Enis Soztutar created HBASE-7172:
------------------------------------
Summary: TestSplitLogManager.testVanishingTaskZNode() fails when
run individually and is flaky
Key: HBASE-7172
URL: https://issues.apache.org/jira/browse/HBASE-7172
Project: HBase
Issue Type: Bug
Components: master
Affects Versions: 0.96.0, 0.94.4
Reporter: Enis Soztutar
Assignee: Enis Soztutar
TestSplitLogManager.testVanishingTaskZNode fails when run individually (run
just that test case from eclipse). I've also noticed that it is flaky on
windows.
The reason is a rare race condition, which somehow does not happen that much
when the whole class is run.
The sequence of events is smt like this:
- we create 1 log file to split
- we call splitLogDistributed() in its own thread.
- splitLogDistributed() is waiting in waitForSplittingCompletion() since there
are no splitlogworkers, it keep waiting.
- we delete the task znode from zk
- SplitLogManager receives the zk callback from GetDataAsyncCallback, which
will call setDone() and mark the task as success.

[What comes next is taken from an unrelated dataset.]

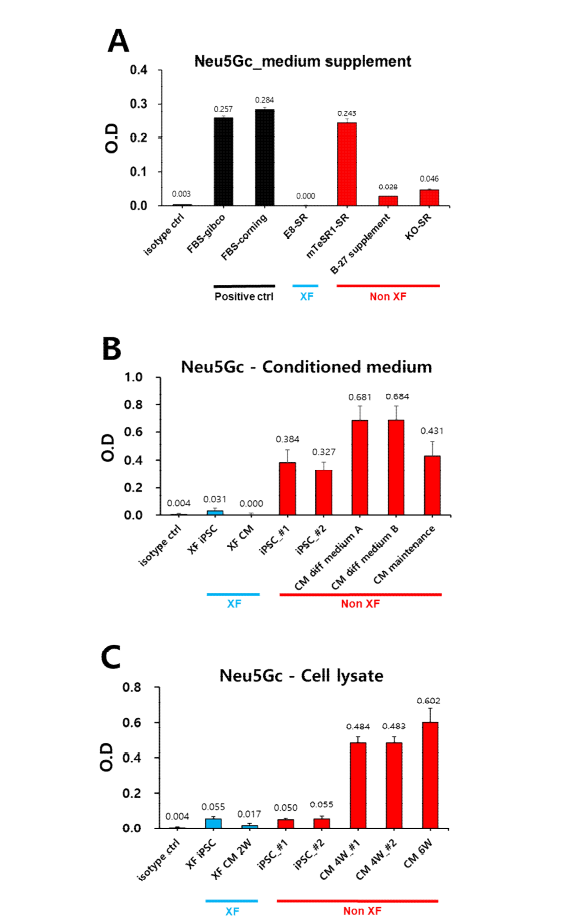 유도만능줄기세포 및 분화된 심근세포 관련 배지 및 세포의 동물유래물질(Nue5Gc) 측정
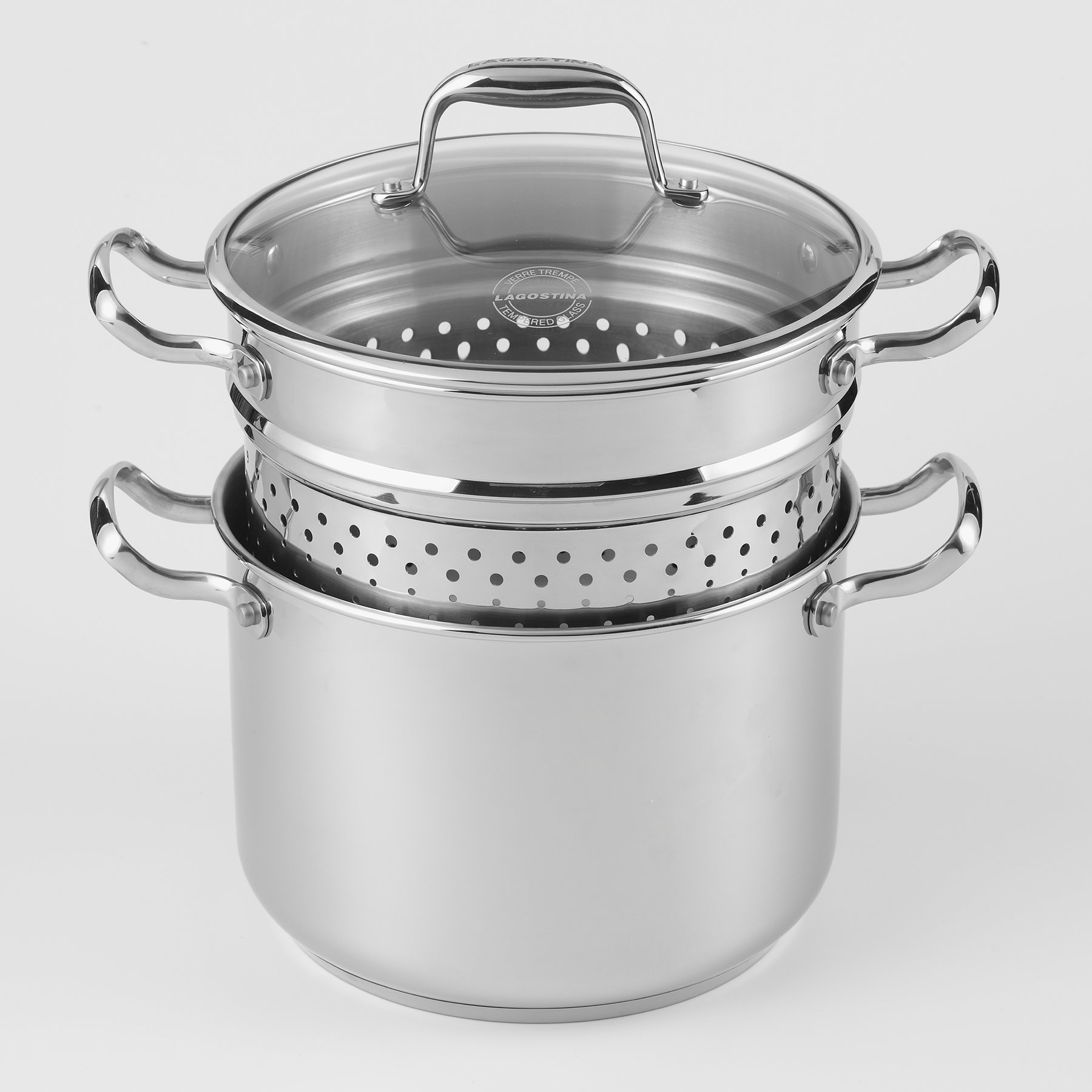 Lagostina 3PC Pasta Cooker 7.5L and Stainless Steel/Copper Cleaner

- However, meanwhile the waitForSplittingCompletion() loops sees that
remainingInZK == 0, and calls return concurrently to the above.
- on return from waitForSplittingCompletion(), splitLogDistributed() fails
because the znode delete callback has not completed yet.
This race only happens when the last task is deleted from zk, and normally only
the SplitLogManager deletes the task znodes after processing it, so I don't
think this is a production issue.
--
This message is automatically generated by JIRA.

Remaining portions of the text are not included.